What do you hope to accomplish with the AFI Military Spouse of the Year® title?
It would be an honor to be awarded the AFI Military Spouse of the Year award. I hope to share Love Over Circumstances’ mission, as well as my personal experience, with a wider, more diverse audience. I think so many spouses can relate to our mission and we can truly impact change. I believe the wider our audience, the potential for serving more military families and that’s all we want to do. Right now, we have a strong local presence with Whiteman AFB and Ft. Leavenworth, however, we want a strong national presence. In order to expand our platform, we need more awareness and being named the AFI Military Spouse of the Year could provide an invaluable opportunity to change that. At the end of the day, this award isn’t about me, but about the strength and resilience of all military spouses.
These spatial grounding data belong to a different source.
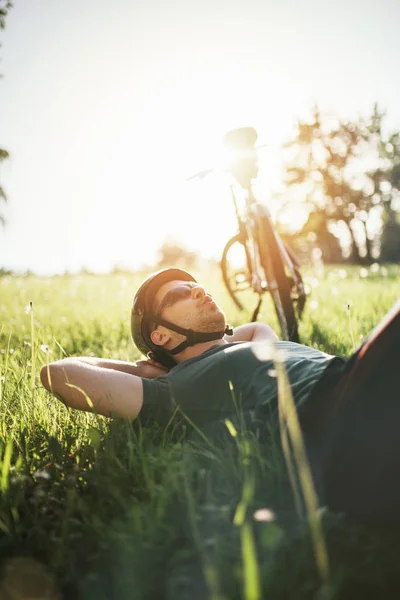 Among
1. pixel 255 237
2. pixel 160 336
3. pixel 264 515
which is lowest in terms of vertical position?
pixel 264 515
This life isn’t for the faint of heart, but with sharing the bad, along with the good, we have an opportunity to share our hearts with one another, and it is an honor to do so.
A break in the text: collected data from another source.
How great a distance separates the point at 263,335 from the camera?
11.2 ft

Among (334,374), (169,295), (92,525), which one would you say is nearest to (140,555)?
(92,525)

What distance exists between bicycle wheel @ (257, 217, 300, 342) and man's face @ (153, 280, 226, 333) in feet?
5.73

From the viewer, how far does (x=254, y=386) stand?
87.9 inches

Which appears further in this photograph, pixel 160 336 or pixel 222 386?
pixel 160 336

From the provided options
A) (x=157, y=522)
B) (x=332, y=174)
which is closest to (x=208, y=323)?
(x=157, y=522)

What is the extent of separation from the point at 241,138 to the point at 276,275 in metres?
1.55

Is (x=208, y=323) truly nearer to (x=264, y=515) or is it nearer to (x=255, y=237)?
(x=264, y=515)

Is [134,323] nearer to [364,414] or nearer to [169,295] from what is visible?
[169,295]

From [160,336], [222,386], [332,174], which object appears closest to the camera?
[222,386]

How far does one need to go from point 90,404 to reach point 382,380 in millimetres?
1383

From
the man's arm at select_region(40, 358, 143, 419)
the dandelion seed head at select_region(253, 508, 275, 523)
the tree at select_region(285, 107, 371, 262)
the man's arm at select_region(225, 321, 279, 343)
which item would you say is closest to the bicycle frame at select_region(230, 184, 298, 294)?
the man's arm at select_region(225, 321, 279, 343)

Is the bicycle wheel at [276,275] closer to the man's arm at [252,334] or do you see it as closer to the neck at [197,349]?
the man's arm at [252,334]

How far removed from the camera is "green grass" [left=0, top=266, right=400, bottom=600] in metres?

Emily Anderson has been a military wife for over 10 years.During that time, her family has moved 5 times, lost a child, and added 3 more children (2 of those children being the rarest, most high risk form of twins).Life’s struggles were done 17-20 hours away from her family and support system including a two year Germany placement during Covid.However, not once has she ever regretted her choice when it comes to her husband or her life.She is an amazing problem solver and a huge cheerleader for her spouse. She regularly hosts re-located military families and helps the family acclimate. She guides them through the area offering her knowledge on the best grocery stores, parks, and churches.She’s not just a stabilizing force in her own home, she is a leader and nurturing presence for many military families. Recently, her and another active duty member started a non-profit organization called Love Over Circumstances which supports military families experiencing infant and/or pregnancy loss.
- by Kourtney Michael

Emily has been an exceptional wife and mother during her husband’s several deployments over the last 10 years of their marriage. During their first year of marriage, they were stationed in Savannah GA when they lost their first daughter, Olivia. Being apart from family during that time was something she graciously accepted and understood because she was committed to the military spouse life. Fast forward to 2023, a fellow military spouse and Air Force member (Victoria Abel) lost their twin boys while her husband was deployed to Korea. Emily jumped into action to be by Tory’s side while her husband was overseas trying to find ways to get home. This event, paired with her own loss, sparked a new fire in her to which her and Tory decided to launch a non-profit - Love Over Circumstances. Their goal is to help fill the gap (financially and emotionally) for military families who experience pregnancy or infant loss. Emily is the epitome of compassion and deserves to be recognized for this.
- by Teri Eckhoff

Emily is an Amy spouse that has suffered the devastating loss of a child while supporting her husband’s service. During the time of her immense pain she was without support of family or friends when her husband quickly returned to work. Through supporting a friend and fellow military spouse this year during a similar situation they decided that there was a bigger need for support for military families when they have lost a child. Together these two beautiful souls founded Love Over Circumstance a nonprofit aimed at providing support in multiple ways to military families in their time of loss and pain. Emily’s drive and passion to support fellow spouses that she has never met is a shining example of service before self.